Darcs Commit Coalescing



Overview

One useful workflow involving a DCVS is to have multiple levels of repo (repository), and make many small commits to a local repo, and then push those commits up to one or more levels of published repos.

For example:

local development repo -> local testing repo -> shared team repo -> public global repo.

It is often desirable to coalesce (combine) the many small commits in the development repo(s) into one or a small number of larger commits which correspond more directly to the implemented features.

This coalescing would typically occur as the commits are migrated to one of the more shared repos.

Most DVCSs have features that either directly address this need, or that can be used to support this, albeit with a somewhat involved sequence of commands. For example, Git provides various features that support this ability including: “add -u”, “rebase --interactive”, and “merge --squash”; and Mercurial supports a number of possible command sequences for “concatenating” commits, usually involving one or more Mercurial extensions.

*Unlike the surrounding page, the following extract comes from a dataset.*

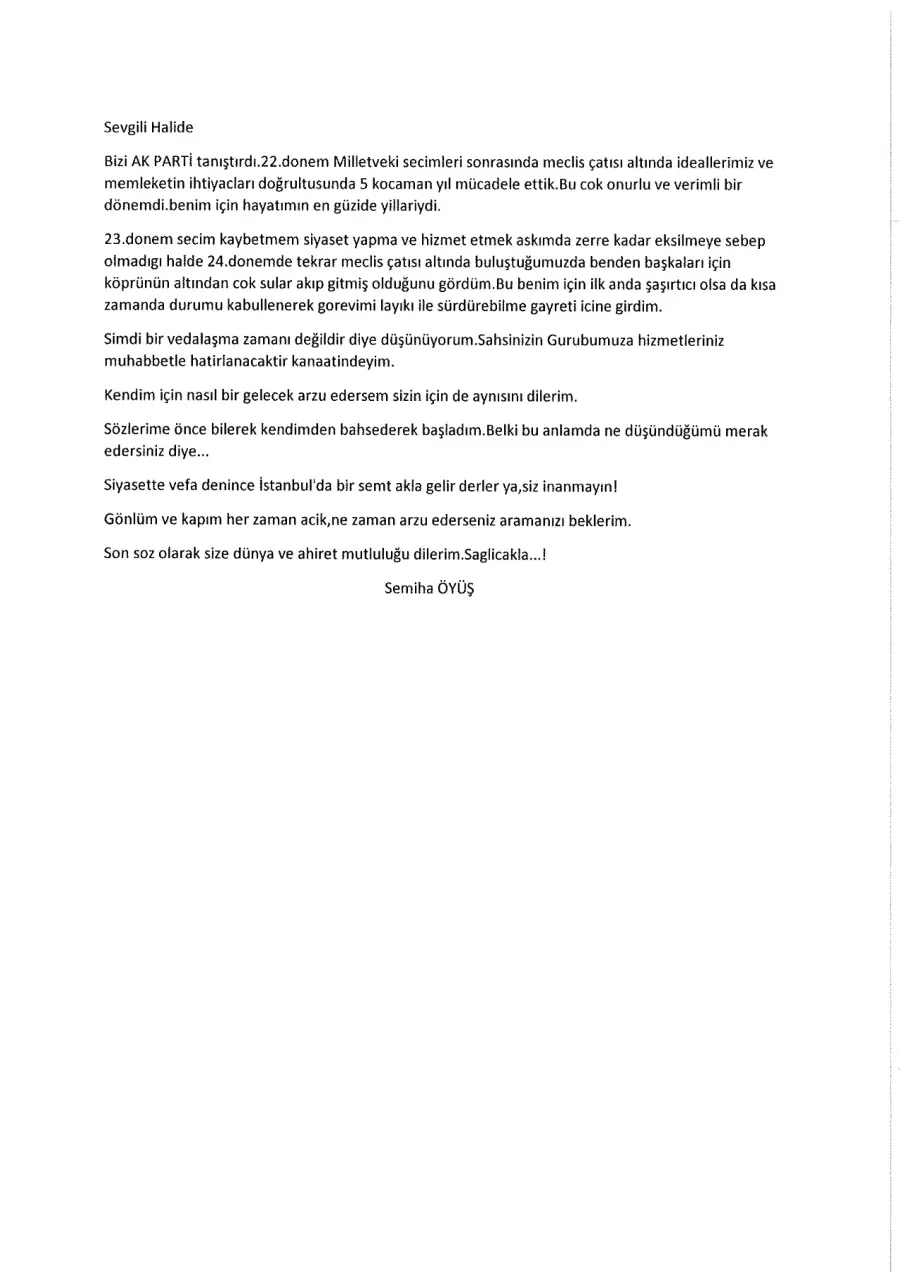 Semiha Öyüş mektubunun ilk sayfası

Darcs currently has one feature that can be used for this, but it is quite limited. Using “amend-record” a new record (commit) action can be made part of an existing commit (patch). In addition, Darcs supports a command sequence that would coalesce commits.

Current Solutions

General Solutions

The crux of the feature is: how are the bounds defined that specify which commits to coalesce?

There are two general solutions:

  1. associate them automatically using a pre-created containing structure such as a branch;

  2. associate them manually (usually interactively) after they have been created.

Git supports both approaches: “merge --squash” relies on the bounds of a discrete branch to identify the commits to coalesce, and in addition can retain both the original commits and their coalesced counterpart. Alternatively, “rebase --interactive” allows the user to interactively identify those existing commits to coalesce, but in the process loses the original small commits and can allow unintentional errors including losing commits.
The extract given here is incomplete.